My heart clenches as I light my menorah each night. I push it into the window to display it, suppressing the need to feel indignant when all I want to feel is love.
Enraged.
I have been made to question my own humanity.
For I continue to live—seek and experience joy, even—while others perish. While others mourn.
Enraged.
Bawling my damn eyes out with hopelessness.
And this is what you want, isn’t it?
I’ve read all about it. I understand how this works.
You want me hollowed out, questioning my own complicity, a shell of a person with blood on their hands, feeling helpless and despondent and completely depleted by my own rage.

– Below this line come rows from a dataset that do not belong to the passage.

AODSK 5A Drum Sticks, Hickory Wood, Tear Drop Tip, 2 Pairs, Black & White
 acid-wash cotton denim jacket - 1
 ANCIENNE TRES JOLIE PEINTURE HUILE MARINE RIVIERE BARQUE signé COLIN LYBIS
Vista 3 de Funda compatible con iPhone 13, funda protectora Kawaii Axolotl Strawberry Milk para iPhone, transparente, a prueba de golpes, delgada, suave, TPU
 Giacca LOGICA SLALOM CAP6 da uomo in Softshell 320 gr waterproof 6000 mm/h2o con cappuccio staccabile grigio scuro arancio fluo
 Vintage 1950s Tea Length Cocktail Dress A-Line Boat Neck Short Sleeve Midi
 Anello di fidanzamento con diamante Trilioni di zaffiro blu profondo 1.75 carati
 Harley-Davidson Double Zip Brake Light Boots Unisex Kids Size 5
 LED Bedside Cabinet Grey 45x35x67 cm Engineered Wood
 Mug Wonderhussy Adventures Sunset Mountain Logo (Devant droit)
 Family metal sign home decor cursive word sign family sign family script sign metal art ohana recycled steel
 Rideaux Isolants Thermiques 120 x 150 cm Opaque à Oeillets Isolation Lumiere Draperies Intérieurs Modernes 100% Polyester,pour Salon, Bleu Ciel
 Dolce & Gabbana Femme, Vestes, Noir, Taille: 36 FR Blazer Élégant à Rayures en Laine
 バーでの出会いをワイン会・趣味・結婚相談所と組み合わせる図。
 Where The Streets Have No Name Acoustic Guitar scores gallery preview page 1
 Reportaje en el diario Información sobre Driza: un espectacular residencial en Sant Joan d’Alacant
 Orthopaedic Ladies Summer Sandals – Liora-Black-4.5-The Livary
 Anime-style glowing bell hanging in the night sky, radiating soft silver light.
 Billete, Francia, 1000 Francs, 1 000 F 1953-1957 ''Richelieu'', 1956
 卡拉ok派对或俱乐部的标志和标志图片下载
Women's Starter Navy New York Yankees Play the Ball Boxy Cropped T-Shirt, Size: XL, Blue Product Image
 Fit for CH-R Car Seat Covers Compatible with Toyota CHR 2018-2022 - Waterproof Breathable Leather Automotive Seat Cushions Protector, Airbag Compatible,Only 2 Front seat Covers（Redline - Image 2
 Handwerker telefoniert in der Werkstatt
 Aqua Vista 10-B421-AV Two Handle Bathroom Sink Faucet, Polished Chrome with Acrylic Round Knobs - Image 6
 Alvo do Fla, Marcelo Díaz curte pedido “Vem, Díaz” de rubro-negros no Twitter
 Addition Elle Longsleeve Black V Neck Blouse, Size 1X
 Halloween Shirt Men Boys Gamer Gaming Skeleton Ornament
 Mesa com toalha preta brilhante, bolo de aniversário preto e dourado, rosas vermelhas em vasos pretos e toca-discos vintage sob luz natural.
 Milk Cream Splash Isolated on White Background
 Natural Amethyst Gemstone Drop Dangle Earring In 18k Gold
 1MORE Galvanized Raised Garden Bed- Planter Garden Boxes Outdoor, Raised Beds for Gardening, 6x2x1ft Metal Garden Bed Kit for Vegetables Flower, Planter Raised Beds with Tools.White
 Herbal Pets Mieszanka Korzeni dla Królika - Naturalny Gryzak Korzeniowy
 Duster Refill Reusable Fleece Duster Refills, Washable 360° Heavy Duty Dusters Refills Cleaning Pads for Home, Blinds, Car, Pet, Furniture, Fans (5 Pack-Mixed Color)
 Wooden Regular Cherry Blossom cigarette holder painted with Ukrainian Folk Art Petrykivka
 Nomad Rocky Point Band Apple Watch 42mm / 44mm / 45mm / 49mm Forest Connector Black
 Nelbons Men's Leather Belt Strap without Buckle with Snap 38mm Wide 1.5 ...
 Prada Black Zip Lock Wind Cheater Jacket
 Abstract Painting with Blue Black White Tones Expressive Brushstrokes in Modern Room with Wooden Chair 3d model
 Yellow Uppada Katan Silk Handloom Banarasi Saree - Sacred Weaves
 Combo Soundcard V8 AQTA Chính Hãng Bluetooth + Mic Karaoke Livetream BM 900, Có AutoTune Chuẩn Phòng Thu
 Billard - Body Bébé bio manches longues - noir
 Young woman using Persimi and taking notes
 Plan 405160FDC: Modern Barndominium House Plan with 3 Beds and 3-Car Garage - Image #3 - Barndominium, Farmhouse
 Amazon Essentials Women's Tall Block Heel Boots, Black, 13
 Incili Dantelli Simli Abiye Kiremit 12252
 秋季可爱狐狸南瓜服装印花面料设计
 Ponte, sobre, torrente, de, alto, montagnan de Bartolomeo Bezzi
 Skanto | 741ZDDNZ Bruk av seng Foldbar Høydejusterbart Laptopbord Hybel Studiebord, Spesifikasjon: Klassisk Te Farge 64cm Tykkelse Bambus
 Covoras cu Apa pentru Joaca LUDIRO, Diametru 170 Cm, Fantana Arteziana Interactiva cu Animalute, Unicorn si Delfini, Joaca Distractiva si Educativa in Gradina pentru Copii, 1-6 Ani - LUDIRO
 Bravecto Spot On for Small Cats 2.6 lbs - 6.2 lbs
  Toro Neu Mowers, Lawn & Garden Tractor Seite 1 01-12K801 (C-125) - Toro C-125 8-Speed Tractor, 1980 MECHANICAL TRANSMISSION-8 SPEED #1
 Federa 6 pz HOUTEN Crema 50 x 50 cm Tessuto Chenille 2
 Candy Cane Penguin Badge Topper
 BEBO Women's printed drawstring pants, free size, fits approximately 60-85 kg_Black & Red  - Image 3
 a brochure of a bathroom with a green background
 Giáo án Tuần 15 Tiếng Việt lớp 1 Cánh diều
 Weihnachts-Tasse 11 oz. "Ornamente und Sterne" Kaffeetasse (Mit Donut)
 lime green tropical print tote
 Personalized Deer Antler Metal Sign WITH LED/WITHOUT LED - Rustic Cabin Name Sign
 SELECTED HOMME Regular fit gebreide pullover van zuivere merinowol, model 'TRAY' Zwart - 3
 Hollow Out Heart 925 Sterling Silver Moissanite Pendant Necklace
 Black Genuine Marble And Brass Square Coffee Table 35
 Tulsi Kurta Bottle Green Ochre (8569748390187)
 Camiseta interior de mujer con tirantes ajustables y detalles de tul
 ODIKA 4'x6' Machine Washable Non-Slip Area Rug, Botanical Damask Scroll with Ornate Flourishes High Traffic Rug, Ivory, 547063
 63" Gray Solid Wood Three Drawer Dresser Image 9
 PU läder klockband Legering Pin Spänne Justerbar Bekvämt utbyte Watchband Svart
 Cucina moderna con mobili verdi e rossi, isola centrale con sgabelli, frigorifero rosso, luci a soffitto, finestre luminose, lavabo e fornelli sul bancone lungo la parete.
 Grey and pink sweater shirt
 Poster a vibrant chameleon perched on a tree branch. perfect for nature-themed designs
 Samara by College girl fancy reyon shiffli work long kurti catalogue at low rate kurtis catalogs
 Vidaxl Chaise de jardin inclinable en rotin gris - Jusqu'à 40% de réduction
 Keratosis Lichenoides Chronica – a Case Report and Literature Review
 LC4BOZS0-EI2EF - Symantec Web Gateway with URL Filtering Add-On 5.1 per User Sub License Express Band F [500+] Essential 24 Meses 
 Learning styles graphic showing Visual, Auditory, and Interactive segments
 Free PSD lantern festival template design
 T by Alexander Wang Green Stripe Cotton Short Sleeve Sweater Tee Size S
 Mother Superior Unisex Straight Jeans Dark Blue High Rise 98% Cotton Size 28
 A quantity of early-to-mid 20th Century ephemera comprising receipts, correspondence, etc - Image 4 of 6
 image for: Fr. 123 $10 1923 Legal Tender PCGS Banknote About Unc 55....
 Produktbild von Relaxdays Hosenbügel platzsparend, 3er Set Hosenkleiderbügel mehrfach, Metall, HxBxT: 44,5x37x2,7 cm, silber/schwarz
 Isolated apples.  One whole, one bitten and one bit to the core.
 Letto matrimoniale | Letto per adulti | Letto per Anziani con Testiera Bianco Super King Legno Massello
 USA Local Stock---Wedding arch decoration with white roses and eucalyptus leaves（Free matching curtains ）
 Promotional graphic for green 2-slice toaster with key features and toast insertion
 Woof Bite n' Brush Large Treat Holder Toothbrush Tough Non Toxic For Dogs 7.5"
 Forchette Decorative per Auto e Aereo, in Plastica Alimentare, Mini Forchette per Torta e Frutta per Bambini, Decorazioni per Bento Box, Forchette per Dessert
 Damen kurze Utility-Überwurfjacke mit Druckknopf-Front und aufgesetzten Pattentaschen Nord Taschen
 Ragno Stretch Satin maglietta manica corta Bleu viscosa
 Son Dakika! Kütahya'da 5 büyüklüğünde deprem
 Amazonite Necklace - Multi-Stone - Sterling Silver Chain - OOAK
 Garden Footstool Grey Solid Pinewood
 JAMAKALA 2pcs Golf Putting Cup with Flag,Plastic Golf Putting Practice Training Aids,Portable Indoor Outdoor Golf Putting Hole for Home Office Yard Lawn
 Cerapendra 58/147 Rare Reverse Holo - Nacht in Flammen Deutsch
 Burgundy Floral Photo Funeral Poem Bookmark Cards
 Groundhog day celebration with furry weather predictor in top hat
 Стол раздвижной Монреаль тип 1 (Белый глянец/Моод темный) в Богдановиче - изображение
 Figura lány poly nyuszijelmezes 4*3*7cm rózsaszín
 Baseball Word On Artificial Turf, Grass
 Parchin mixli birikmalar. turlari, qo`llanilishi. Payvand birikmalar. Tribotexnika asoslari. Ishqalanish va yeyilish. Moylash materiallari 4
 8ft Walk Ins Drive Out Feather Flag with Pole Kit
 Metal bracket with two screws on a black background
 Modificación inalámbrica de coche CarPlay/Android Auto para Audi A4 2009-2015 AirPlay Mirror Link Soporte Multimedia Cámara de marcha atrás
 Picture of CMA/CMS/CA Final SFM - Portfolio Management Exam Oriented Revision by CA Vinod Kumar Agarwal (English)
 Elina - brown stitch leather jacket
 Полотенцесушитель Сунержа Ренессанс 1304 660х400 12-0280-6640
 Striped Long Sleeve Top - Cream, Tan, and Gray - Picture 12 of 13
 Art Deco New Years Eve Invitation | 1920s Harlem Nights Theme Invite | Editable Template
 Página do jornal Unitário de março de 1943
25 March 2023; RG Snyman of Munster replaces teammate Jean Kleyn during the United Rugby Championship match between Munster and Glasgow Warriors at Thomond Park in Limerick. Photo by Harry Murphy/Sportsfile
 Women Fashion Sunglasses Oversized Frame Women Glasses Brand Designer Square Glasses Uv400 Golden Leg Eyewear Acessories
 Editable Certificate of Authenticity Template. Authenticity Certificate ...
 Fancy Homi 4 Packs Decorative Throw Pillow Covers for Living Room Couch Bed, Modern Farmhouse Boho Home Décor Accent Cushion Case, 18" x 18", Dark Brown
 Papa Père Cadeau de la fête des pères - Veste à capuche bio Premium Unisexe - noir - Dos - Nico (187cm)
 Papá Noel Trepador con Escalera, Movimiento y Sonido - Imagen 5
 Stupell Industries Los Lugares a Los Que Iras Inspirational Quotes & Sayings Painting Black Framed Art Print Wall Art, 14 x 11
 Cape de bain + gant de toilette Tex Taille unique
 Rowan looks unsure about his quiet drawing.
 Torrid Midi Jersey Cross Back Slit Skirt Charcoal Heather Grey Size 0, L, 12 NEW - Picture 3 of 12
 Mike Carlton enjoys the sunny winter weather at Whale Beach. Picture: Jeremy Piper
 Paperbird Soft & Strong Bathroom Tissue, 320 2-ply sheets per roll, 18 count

If I am this, then I am your good soldier.
If I am this, then I am too tired to cause chaos.
If I am this, then I am too guilty to do more.
The only thing better for you than for me to be asleep is for me to be wide awake and dazed.
And that’s what I am.
So you win.
Today.
And maybe tomorrow.
But soon after, I know what will happen.
I know what will happen because I’ve been here before.
Community will happen.
Love will happen.
Grace will happen.
And I’ll be reminded of exactly who I am and who we are and who we should be.
And then I won’t be wide awake and dazed.
In fact, I’ll be your worst nightmare.
Wide awake.
And WILD.
Yes, my heart’s been split wide open.
But my arms are wide open too.
And I am determined for them to stay that way.



Thank you, Kim, for these words, they echo in my head and heart. I will them to come true
Oh Kim this is so powerful and heart rending. Sending much love. All we can do is go to our innermost heart space and send love to the world. Thank you for going there … for writing it.